I'm rethinking this whole antidepressant thing. My doctor has been, in my opinion, exemplary, in how he's handled my case. He did tell me that when he sees me here in about 3 months, conventional wisdom says it's time to see about cutting me down in dosage, to think about taking me off of the pills all together. He also said some folks decide to keep on going if life is going well, and said it would largely be dictated by my needs first, desires second.
I wasn't real excited about that prospect at first, to be honest. But today has made me rethink the possibility. Of course, we'll see where I am when the time comes, but...
I'm in a position where I can tell myself the nuisance that got into me again today, in all honesty, can be completely avoided. Really, my own desire to help anyone, all of the time, for any reason came back to bite me. In theory, I just have to stem that desire in one itty bitty little case; no other effect to myself whatsoever.

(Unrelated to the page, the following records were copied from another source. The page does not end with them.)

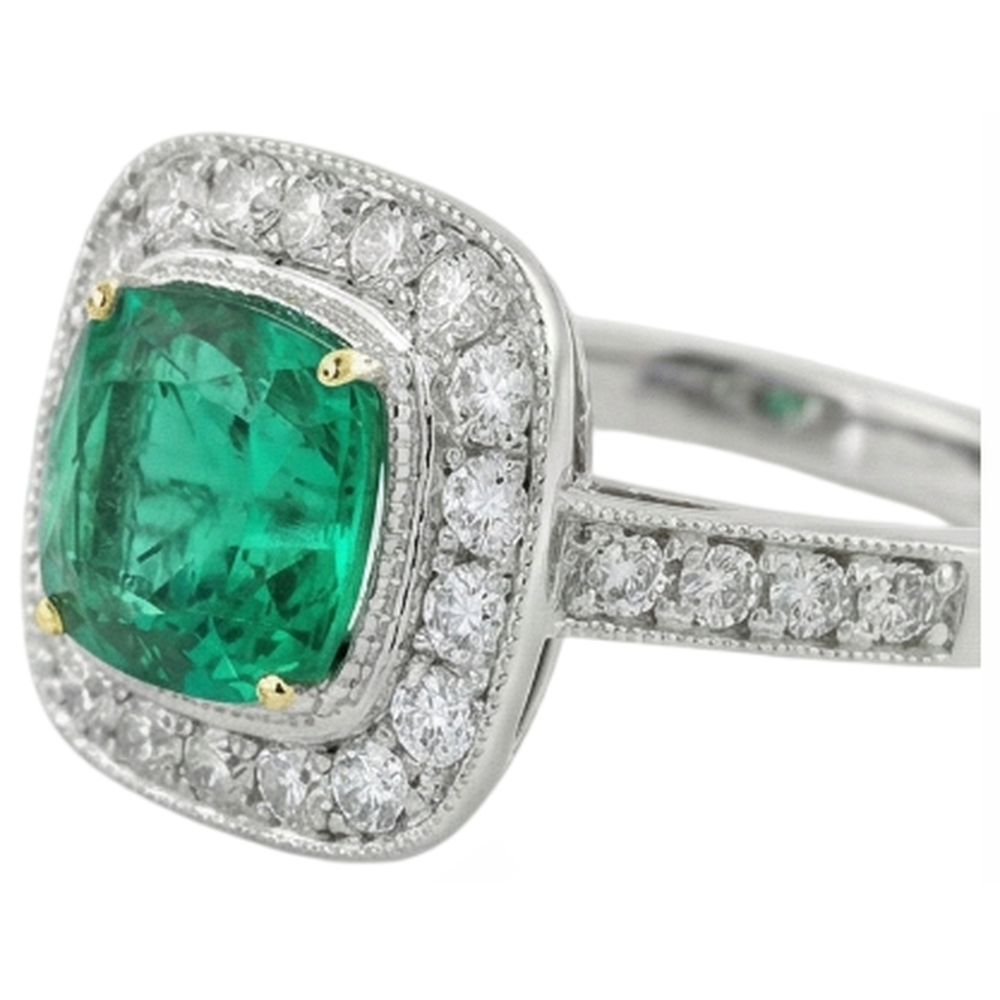 Erdgewonnener Kolumbianischer Smaragd Farbstein-Ring 2 Karat Zweifarbiges 14K Gold – Profilansicht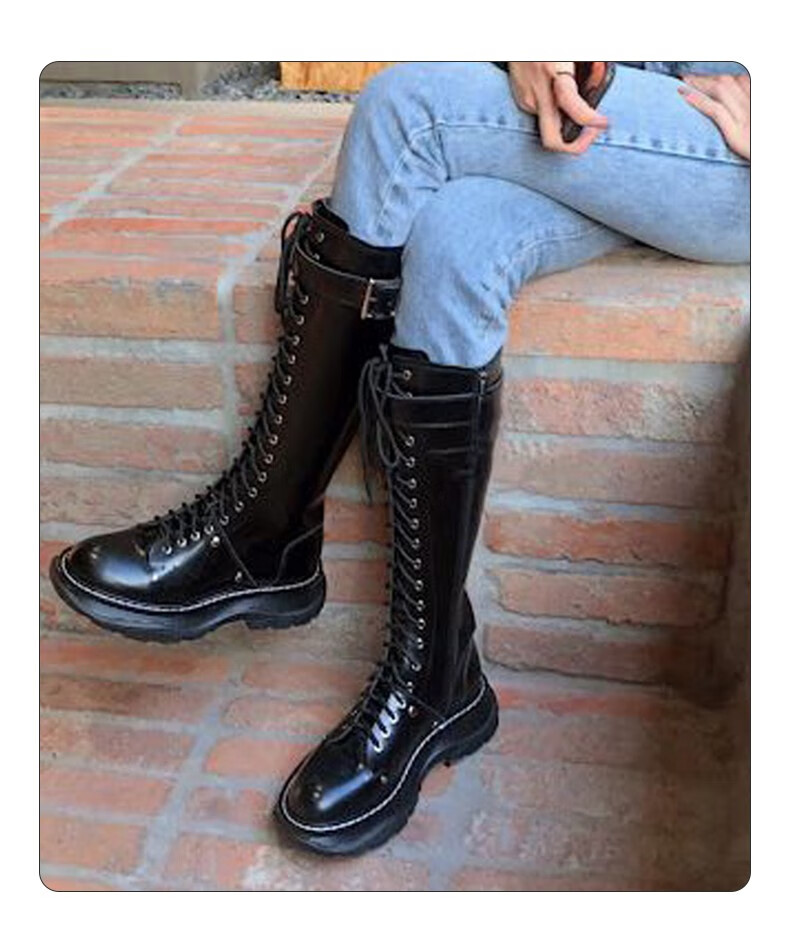 alexandermcqueen麦昆女鞋奢侈品女士小牛皮银饰长靴黑色1081355码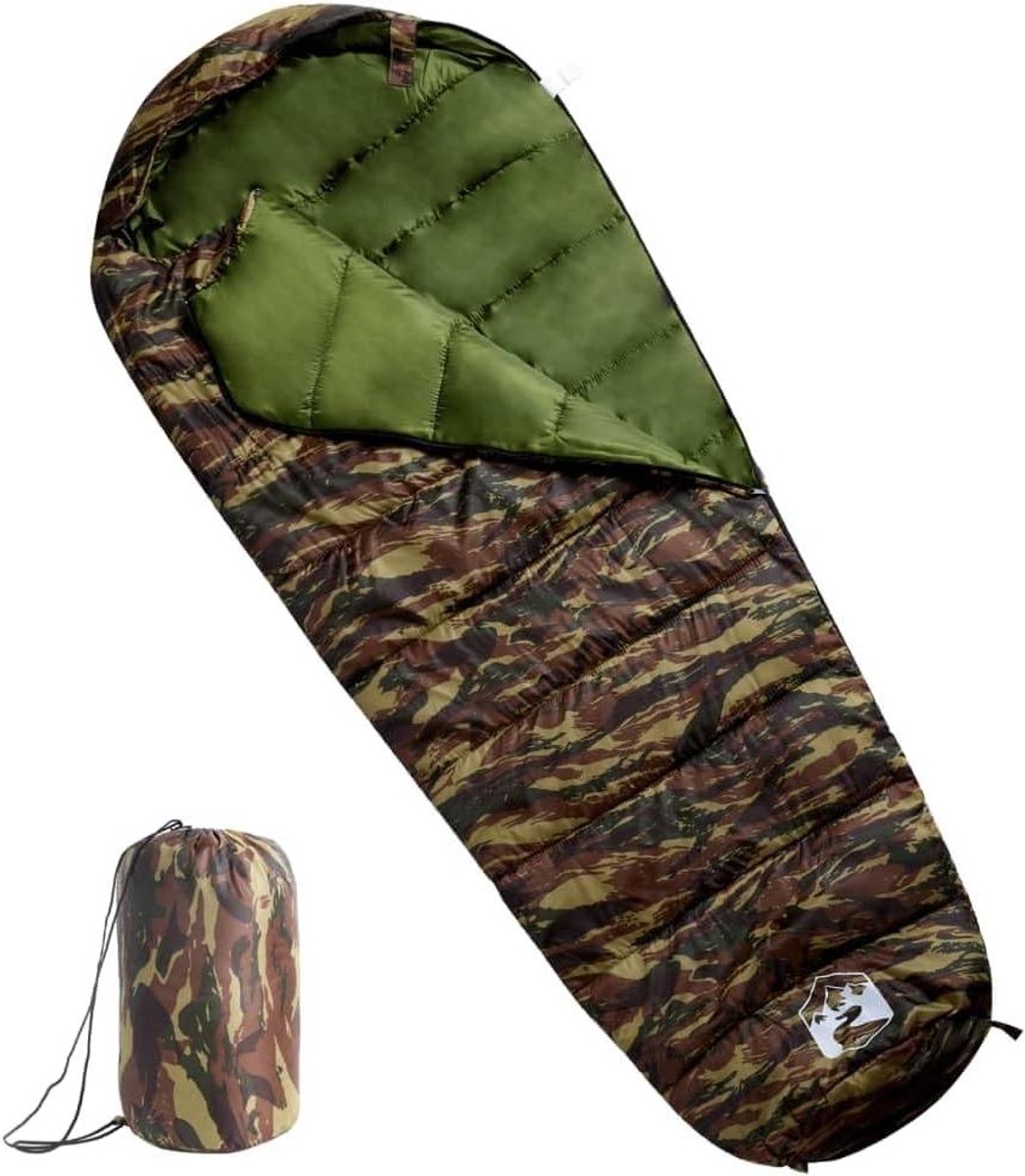 Mummie Slaapzak - Kampeer Slaapzak - Buiten Overnachten - Waterbestendige Vulling - 215x85 cm - Camouflage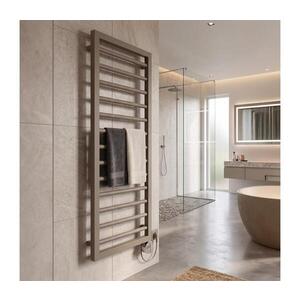 Vertaduro - Koupelnový radiátor s termostatem ADEL 600W 128x50 cm taupe DHEL12760500MKK8-8406 obraz
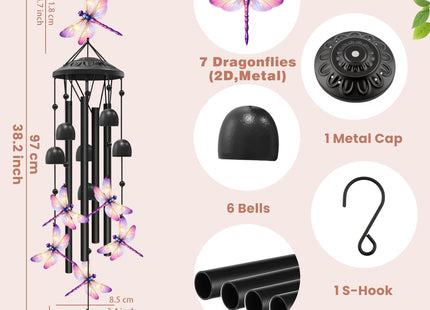 Dragonfly Wind Chimes for Outside,Metal Chimes,Dragonfly Gifts for Women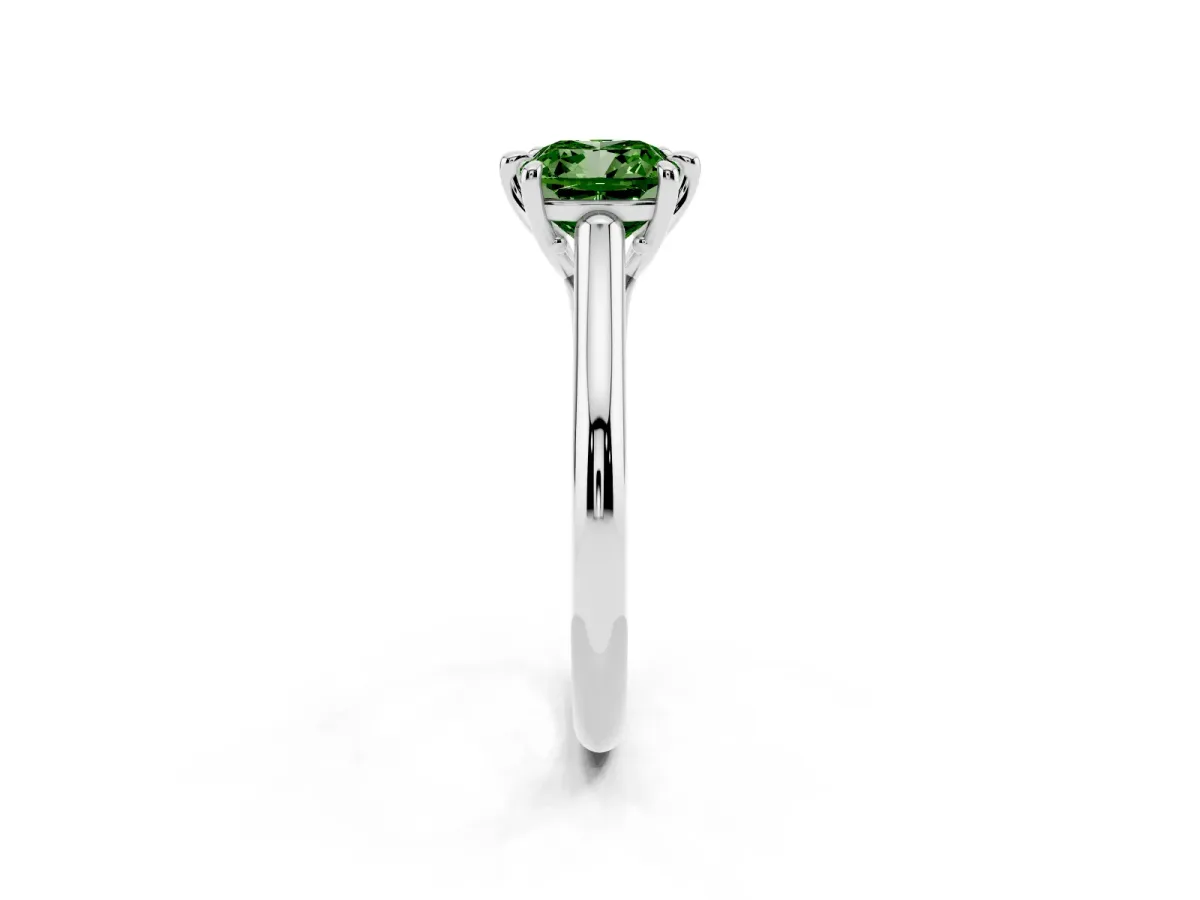 Fancy Green Cushion Cut Solitaire Engagement Ring with Six-Prong Setting and Classic Band Platinum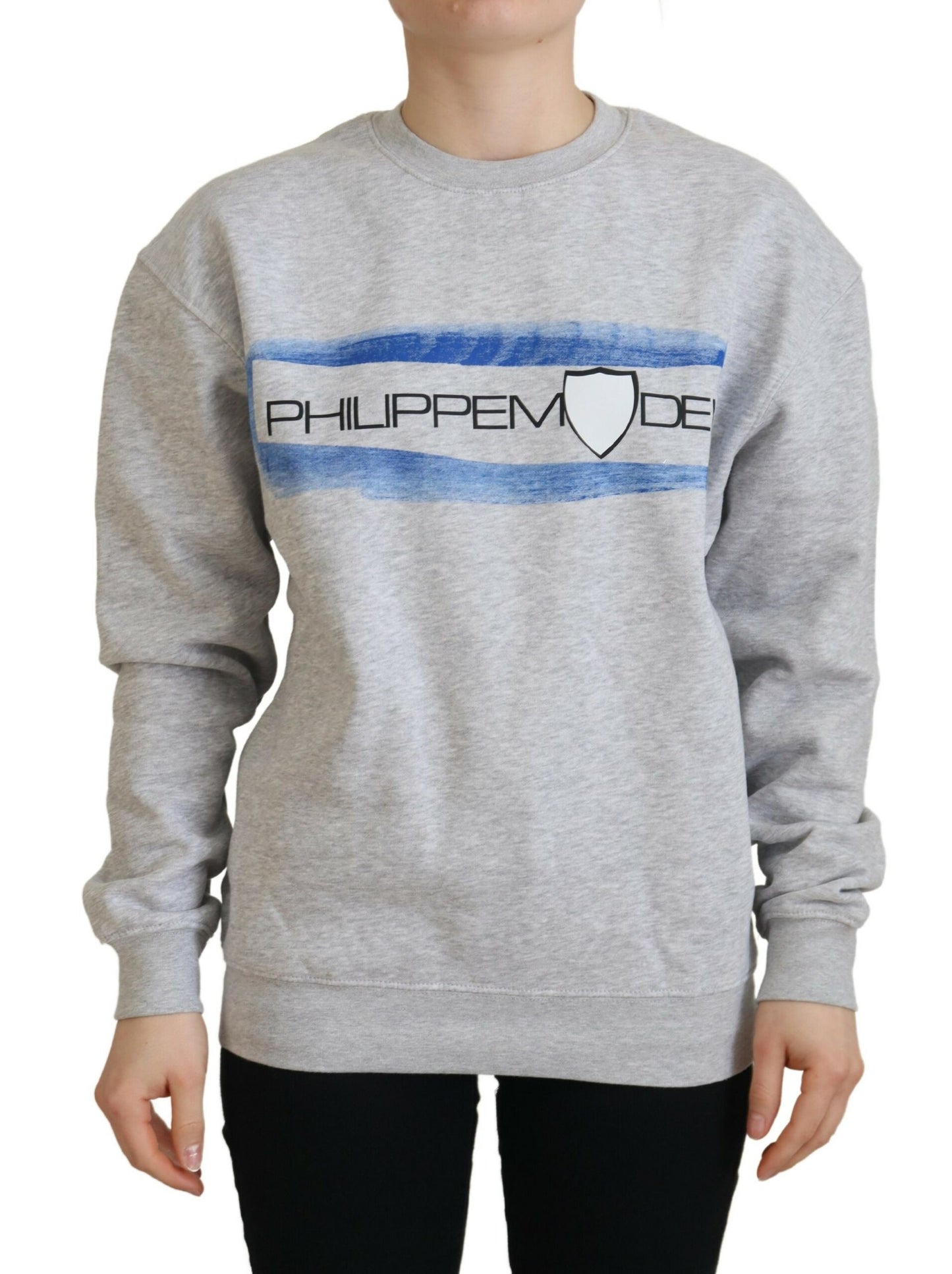 Philippe Model Elegant grey sweater in printed cotton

I'm starting to realize that about a lot of the things in my life. I'm married, I have a hobby that has once again given me a personal goal to accomplish outside of my relationship with my wife and family or my professional goals. I know I have some great friends and family that care about me and that I'm welcome to care about in return.
The other stuff? The things that don't fall into the categories above? Hrmm... Take a pill to deal with a nuisance, or just forget the nuisances all together???
I've made many wrong assumptions, and formed numerous wrong opinions before more thought turned me the other direction.
It should, in my opinion, be a very interesting visit with Bones here in a few months.